Again, the main point is, it lacks the ability to properly distinguish 
between 1. a "burst" followed by a healthy interval, and 2. a buggy 
system with a rate of repeated errors.

> It's a clear generalization of current scheme which can be thought of
> as having an array of size 1 (only one most recent recovery time is
> saved).
> 

It is a simple generalization indeed.
But I don't agree it's a better filter.

>> The grace period delay design was chosen for its simplicity and
>> precision in addressing the problem at hand.
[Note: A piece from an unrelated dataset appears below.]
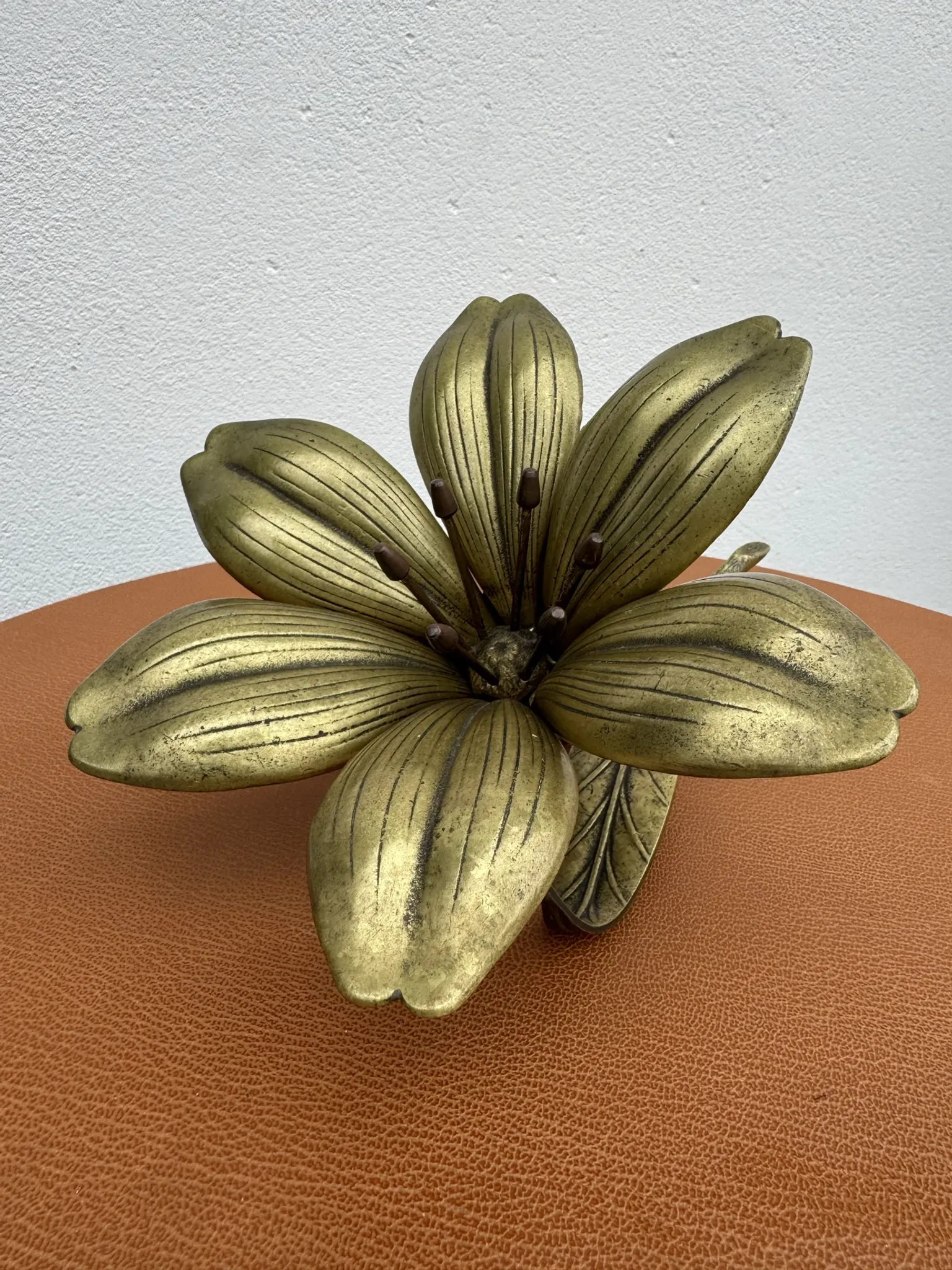 Ashtray flower solid brass 1960s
It effectively captures
>> the temporal correlation of related errors and aligns with the original
>> intent of the grace period as a stabilization window where further
>> errors are unexpected, and if they do occur, they indicate an abnormal
>> system state.
> 
> Admittedly part of what I find extremely confusing when thinking about
> this API is that the period when recovery is **not** allowed is called
> "grace period".

Absolutely.
We discussed this exact same insight internally. The existing name is 
confusing, but we won't propose modifying it at this point.

> Now we add something called "grace period delay" in
> some places in the code referred to as "reporter_delay"..
> 
> It may be more palatable if we named the first period "error burst
> period" and, well, the later I suppose it's too late to rename..
It can be named after what it achieves (allows handling of more errors) 
or what it is (a shift of the grace_period). I'm fine with both, don't 
have strong preference.

I'd call it grace_period in case we didn't have one already :)

Please let me know what name you prefer.